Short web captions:
########

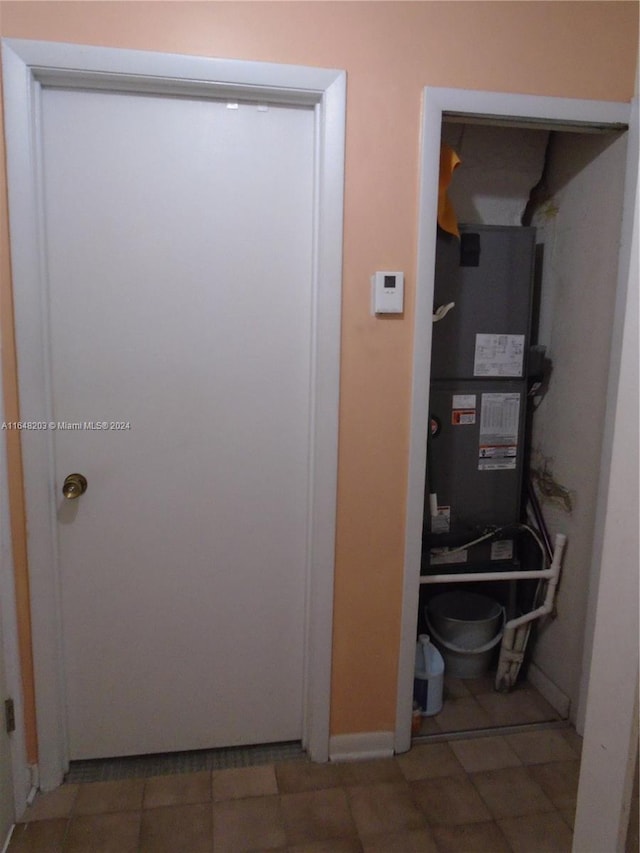 158 NW 18th Ct, Miami, FL 33125 - utility room featuring heating unit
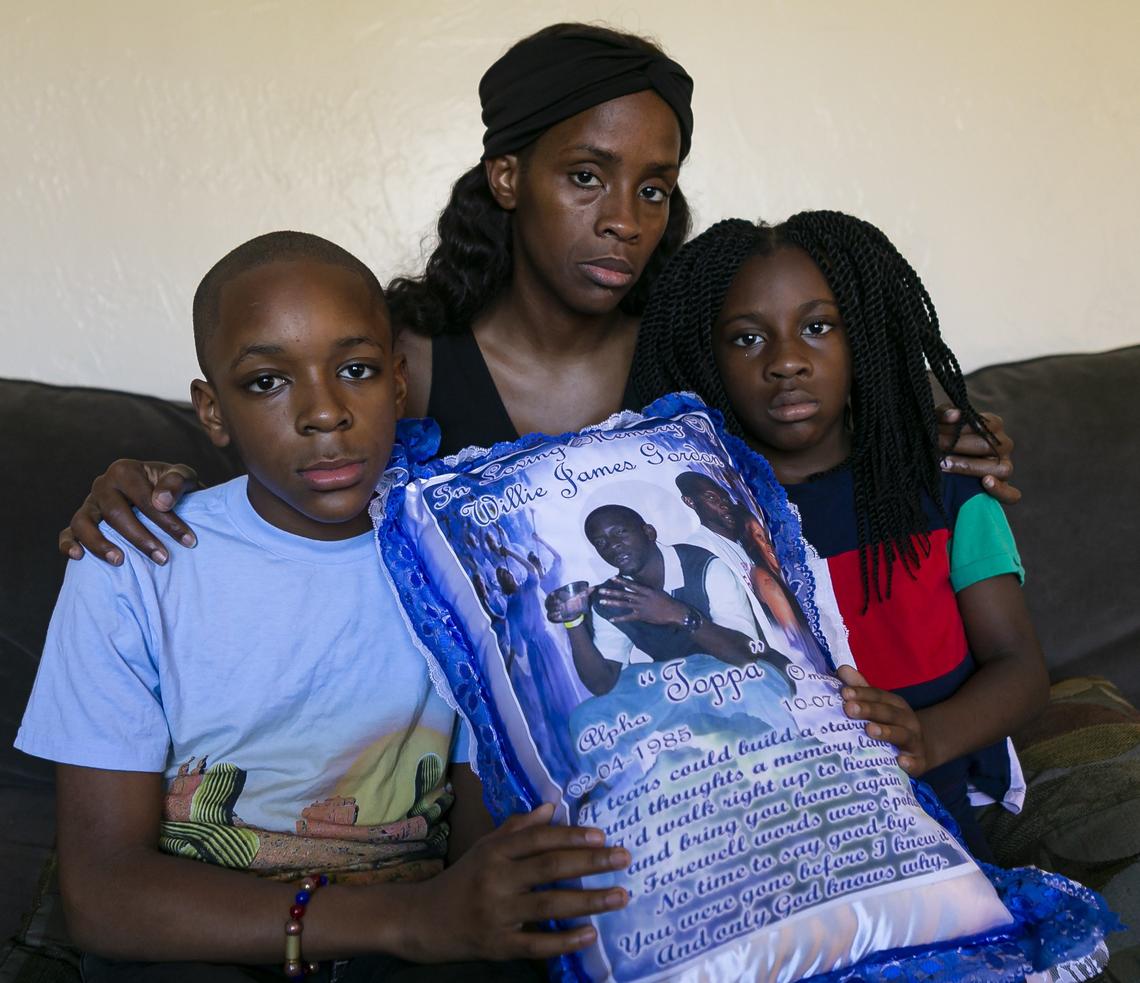 Jahkari Gordon, 12, left, Sophia Gilbert, 34, and Samya Gordon, 7, right, hold a memorial pillow of the late Willie James Gordon at their home in Miami’s Model City neighborhood on Saturday, Dec 7, 2019. Gordon, the children’s father and Gilbert’s boyfriend, was fatally shot six years ago. Gilbert has struggled to support her family while working at her children’s charter school.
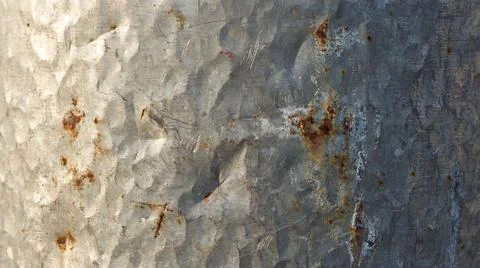 Close up view of dented silver metal plate with visible orange rust spots a.. Stock Illustration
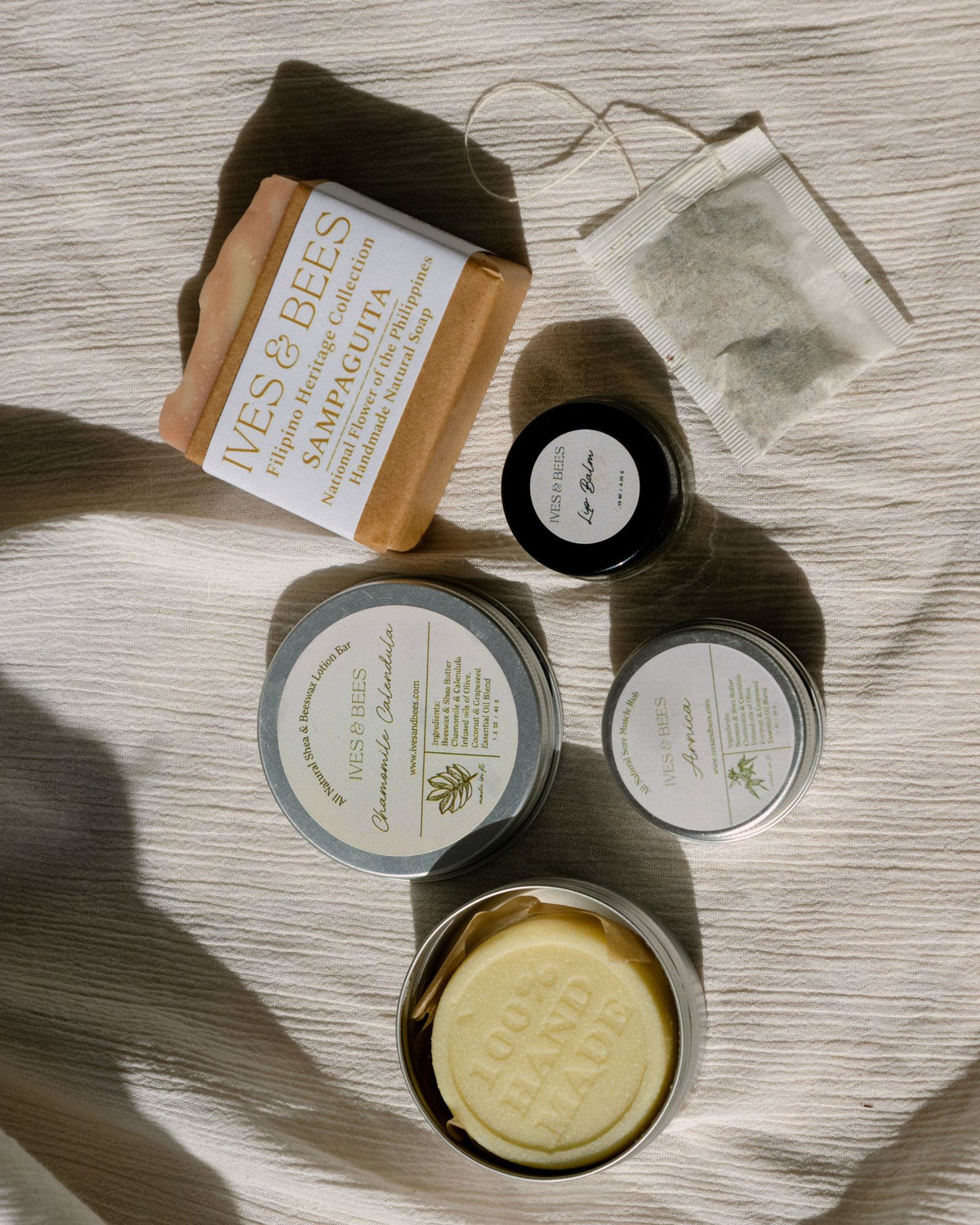 Ives & Bees Nurse Self care kit on a wooden surface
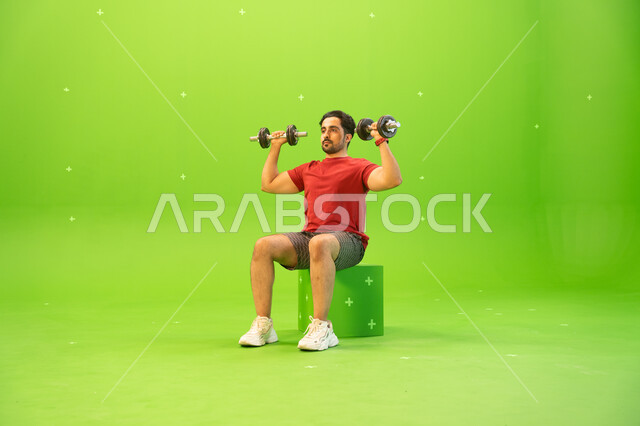 Strengthening and building body muscles, weight lifting exercises, strength, challenge and motivation for a healthy lifestyle, a portrait of a Saudi Gulf Arab young man exercising with dumbbells, physical activity to maintain health and physical fitness, 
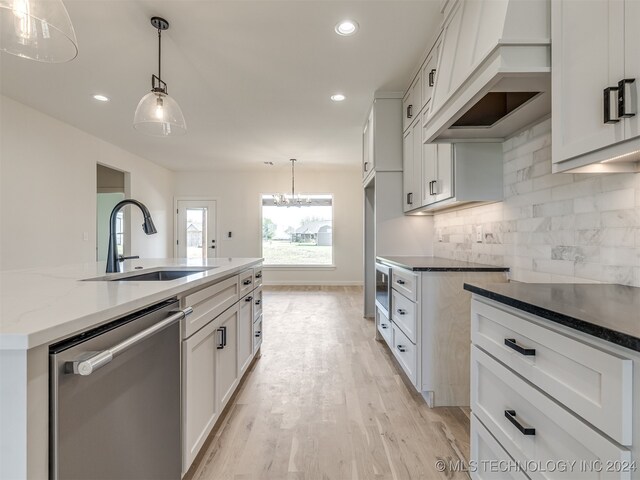 kitchen featuring pendant lighting, white cabinets, dishwasher, sink, and a kitchen island with sink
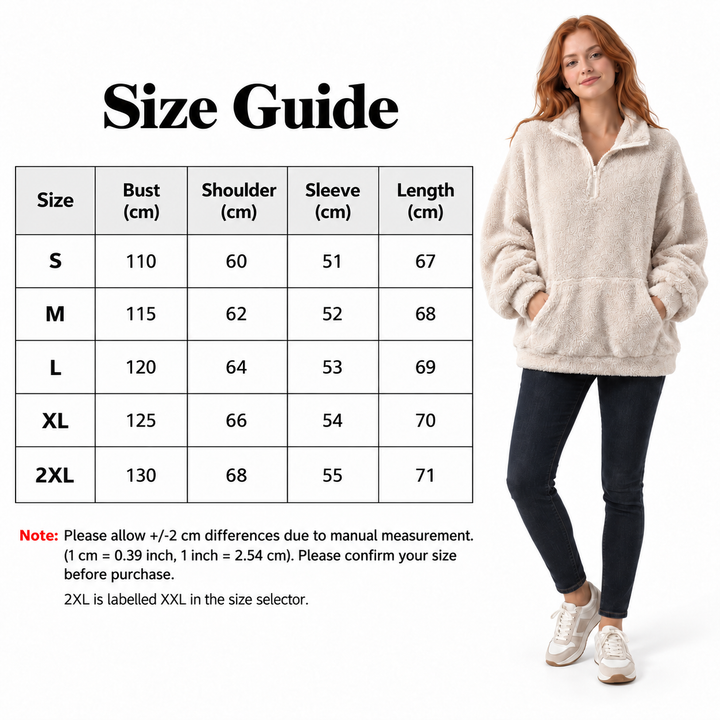 English size chart with bust, shoulder, sleeve and length for S to 2XL, beside a red-haired model wearing the Beige pullover.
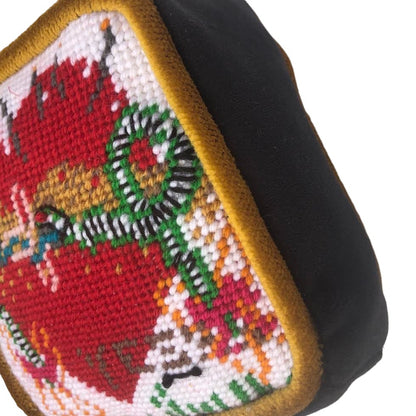 needlepoint kissing snakes on a heart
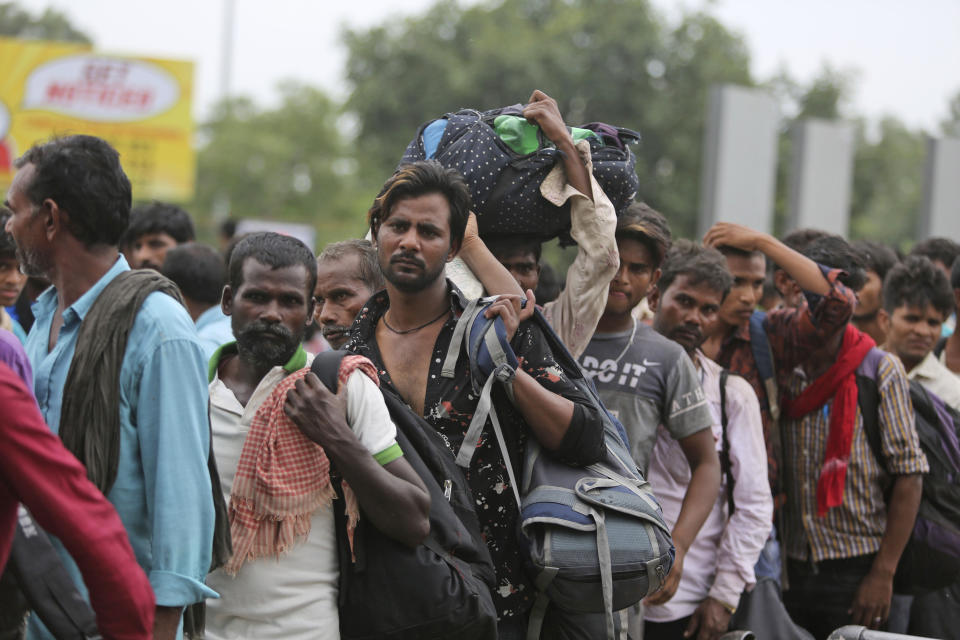 Indian migrant laborers carry their luggage and prepare to leave the region, at a railway station in Jammu, India, Wednesday, Aug. 7, 2019. Indian lawmakers passed a bill Tuesday that strips statehood from the Indian-administered portion of Muslim-majority Kashmir, which remains under an indefinite security lockdown, actions that archrival Pakistan warned could lead to war. (AP Photo/Channi Anand)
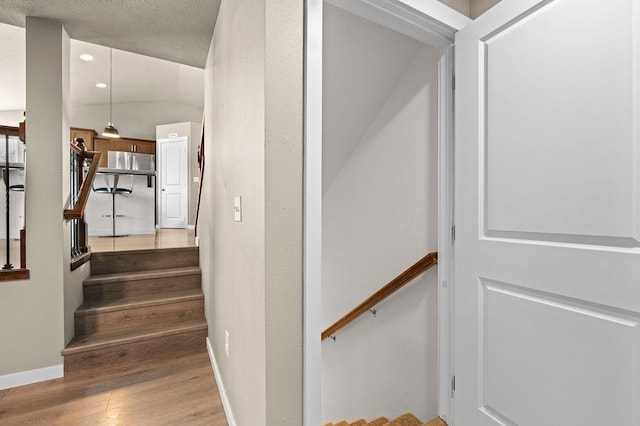 stairs with baseboards, wood finished floors, and recessed lighting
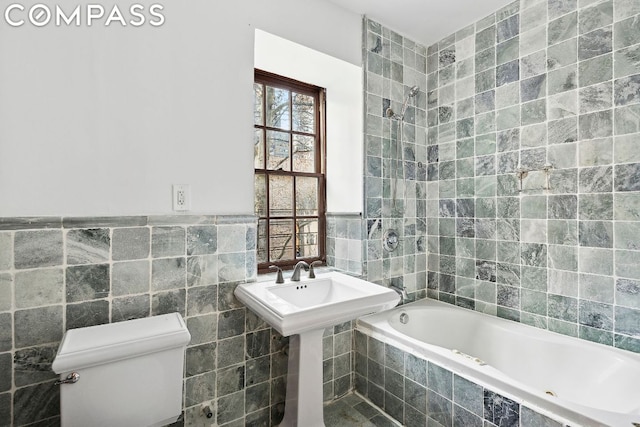 bathroom with toilet, tiled shower / bath combo, and tile walls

########

Your answer must be an exact copy of the lines from the line with "stairs with baseboards, wood" to the final line of the data, both ends included, and no pictures.

 stairs with baseboards, wood finished floors, and recessed lighting
 bathroom with toilet, tiled shower / bath combo, and tile walls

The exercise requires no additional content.